So I try to get all my writing done before noon, knowing that the more time passed, the less steam I would have. And changing my tasks around. So maybe doing that first, and doing something else, something mindless like social media promotion of my posts, or things like that, at night, when I didn’t need the brain to work. And that helped.
So I got it done. Overall, my first book I got done within, I’d say, about three months from the time I officially started kicking around the idea, with that last weekend really being the home stretch. And then my second book was a smaller $0.99 book. That one I got done within a month. Maybe even less than that, because it was a smaller book. And then the third one was larger. I would say that one took me about two months or so, because at this point, I had already gotten it down to a science.
JENNY GUY: And how did you balance that out with Jen on a Jet Plane? Were you still publishing content there?
JENNIFER RUIZ: I was. And so it’s been tough. And what I’ve actually done, sometimes, now to give myself a little bit of a break, I repurpose content from the first book. So I had so many amazing tips that I put in the first book that if I just take a page out of the first book, I can make that into its own blog post. I don’t really have to make up the stuff again. I just reword a little bit.
So I’m kind of plagiarizing myself, but it interests people. So I had a section on– I have one chapter on budget airlines. I’ve just published a post just recently– this is now– but I just published a post on 10 budget airlines still worth flying with, mainly based off of my list that I had in the book. I just repurposed that content.
And I think we all worry because we want to have everything be so original and so different, but absolutely no one is reading every single word you post and being like, oh my god, can you believe that Jen said this again? Nobody. That is just –
JENNY GUY: Your mom.
JENNIFER RUIZ: Not even.
VALERIE STIMAC: Not even Mom.
JENNIFER RUIZ: Not even your mom.
VALERIE STIMAC: Not even Mom.
JENNIFER RUIZ: Not even.
VALERIE STIMAC: Yeah, I 100% agree with that, that if you are using your own blog content, I don’t even consider it plagiarizing. It is your copyrighted material. You own it. You can do whatever you want with it. That is yours. Repurpose it, stick it on billboards, tweet it, put it in a book, do whatever. It’s yours, definitely.

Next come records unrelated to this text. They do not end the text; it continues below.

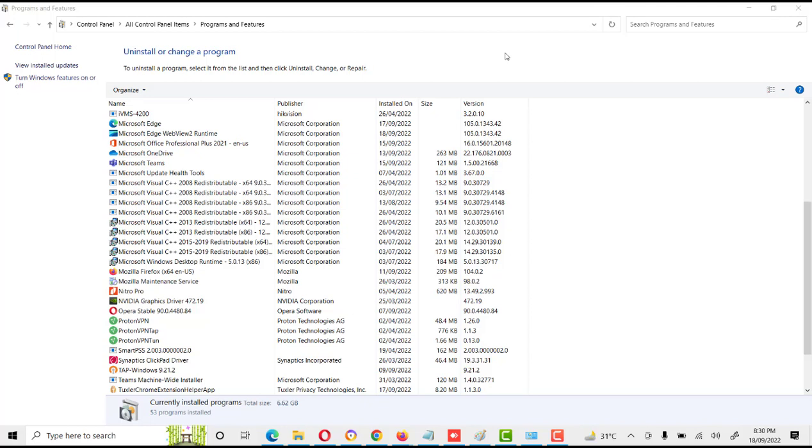This will better optimize the system performance because when we use CCleaner, it removes unnecessary files and other items which are taking system resources like CPU, RAM, and other things. So this is very good software, a very good app, and we should install it.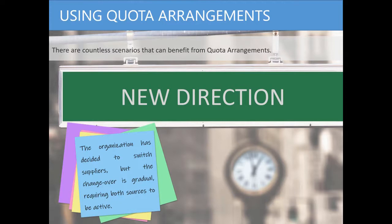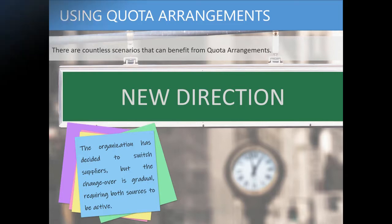Similar to the last scenario, you may find yourself needing to switch primary suppliers for a material for any reason — perhaps you found better quality or a quicker lead time. At any rate, the changeover from suppliers, again, may be a gradual shift, and the quota arrangement is a great way to manage that shift from one source to another over a period of time.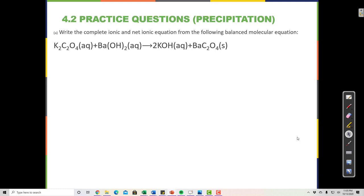Write the complete ionic and net ionic equation from the following balanced molecular equation. Make sure that you have a chart of polyatomic ions nearby so that you can recognize which atoms stay together as a unit, because sometimes when we're trying to write ionic equations,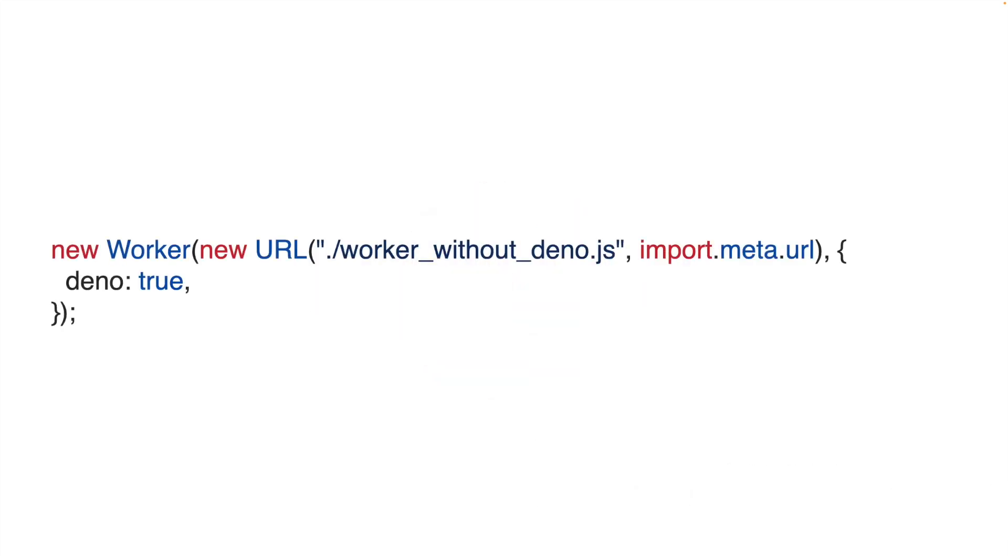Workers now support the Deno namespace by default, rather than having to opt in by passing an objects parameter.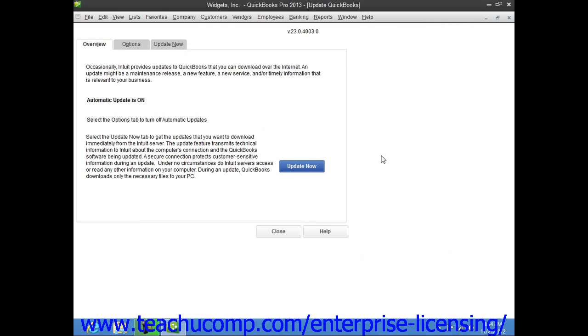You can either manually or automatically have QuickBooks search for updates. If you want to change that setting, then in the Update QuickBooks screen, click the Options tab.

I was just trying to pull up– Dark Skies was a little bit unconventional. So because Lonely Planet is a traditional publishing house, they have a very strict schedule when they commission a book, and when they expect that draft in, and when they need it done so they go to the designers, and the printers, blah, blah, blah. So I had 10 weeks to write the book.
JENNY GUY: Wow.
VALERIE STIMAC: And as Jen said, I learned that it had to be the first words I gave. So I don’t know if anyone else will feel me on this, but I only have so many words in a day that I can write. There is no set number, but I know when I hit that limit. And if I didn’t give my words to the book, I didn’t have them to give later in the day. So it was always the first thing I did when I sat down to write each day.

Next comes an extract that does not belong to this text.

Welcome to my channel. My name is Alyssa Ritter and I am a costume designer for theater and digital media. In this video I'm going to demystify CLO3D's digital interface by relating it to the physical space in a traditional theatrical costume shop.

And if I had extra words, I was writing for myself. I was writing for freelance clients. I was trying to give that extra energy. But usually, I didn’t have those extra words. I had spent myself. So you wouldn’t actually know this, but in the 10 weeks that I was working on the book, I think I was publishing about once every two weeks, which is about 10 times less frequent. I publish, like, twice a week. So it was substantially less than I normally do, I guess 25% of what I would normally publish.
And I just gave myself permission to not feel bad about that. I had a deadline, and it wasn’t even my deadline. And I’d heard these horror stories that if you don’t make your deadline with Lonely Planet, you get blacklisted, and you never get any work again. So I just motivated myself tremendously. I found a really, really good album. My recommended album, and it won’t work for everybody, is Album Title Goes Here by deadmau5. I could put that on– and it’s, like, trance, heavy trance music– and I could just let the words flow.
When I write my own books, I think I’m going to need to be the same way. So I haven’t actually written any more self-published, but I think that I’ve learned now that if there’s no deadline, like everything, I’m just going to let that deadline stretch. It’s going to take as much time as I give it. And so when I sit down, I’m going to actually try and get ahead on blog posts so that I can basically pause writing anything else and just focus on getting those books done.
Because if you’ve identified a market opportunity for a book, if your audience is asking for if, if they’re saying, look, we want to pay you for this information, and you already have your site, it’s already making you money because presumably you’re on Mediavine or you’re trying to get on Mediavine– I know there’s lots of folks who watch this that are trying to get to Mediavine levels– once you hit that and your site’s doing its own thing, you can step back and say, OK, keep going in the right direction. I’m going to do this other thing because I need to build out this other part of my business.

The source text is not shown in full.